Das Maifeld Derby 2023 präsentiert sich internationaler und stilistisch vielseitiger als je zuvor, ohne dabei seine Stärken zu vernachlässigen. Mit sehenswerten Auftritten von so unterschiedlichen Acts wie Sevdaliza, Surf Curse, Death Grips, Loyle Carner, Phoenix und Interpol sorgt es für ein ebenso anregendes wie entspanntes dreitägiges Festivalerlebnis. 

Von der Sonne verwöhnt zeigt sich das Maifeld Derby an allen drei Tagen. Insbesondere am Freitag und Samstag wird es trotz Dauer-Sonnenschein nicht zu heiß, so dass dem Festivalgenuss nichts im Wege steht.
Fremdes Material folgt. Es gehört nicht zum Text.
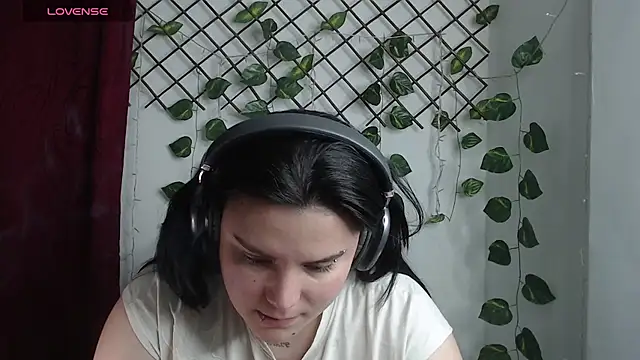 Chat +18 de Nika_1_ ao vivo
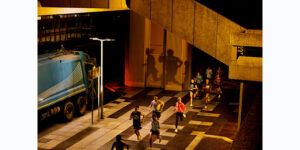 Lee más sobre el artículo RISE, RUN, Y ‘GO WILD’ PARA LAS SALIDAS 5AM HIGH DROPS PUMA empodera a los runners matutinos con una nueva activación global que los anima a aceptar el desafío y perseguir la euforia del corredor.
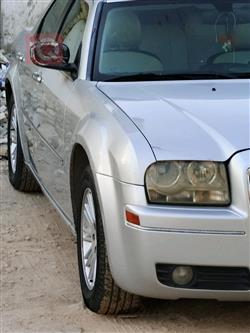 2010 كرايسلر 300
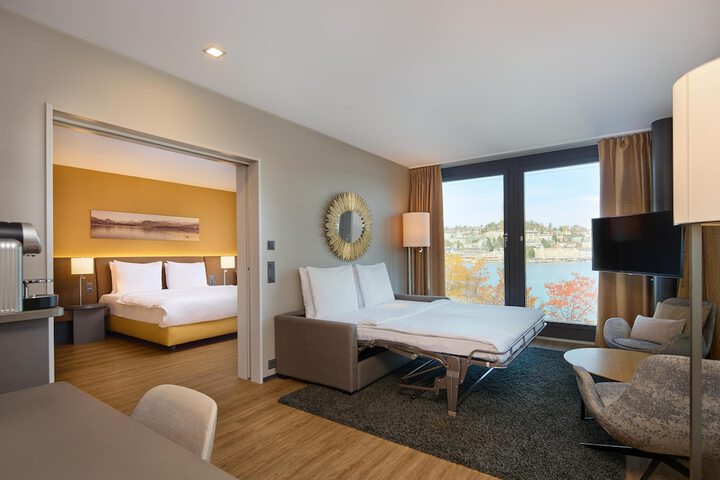Room 93 of 289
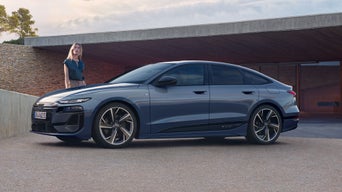 Vista dall'alto di Audi A6 Sportback e-tron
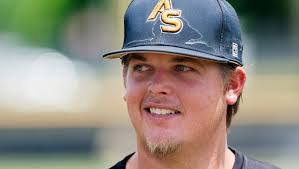 Tyler Howe's Instagram, Twitter & Facebook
Am Festivalgelände hat sich wenig geändert. Im Programmheft verspricht Organisator Timo Kumpf größere Veränderungen für das nächste Jahr, aber 2023 wirkt alles noch angenehm vertraut.

Weltumspannend

In musikalischer Hinsicht bietet das Maifeld Derby die gewohnt große Bandbreite, ist dabei aber noch internationaler, man könnte sogar sagen, weltumspannender geworden. Ein Beispiel dafür ist die israelische Musikerin Sevdaliza.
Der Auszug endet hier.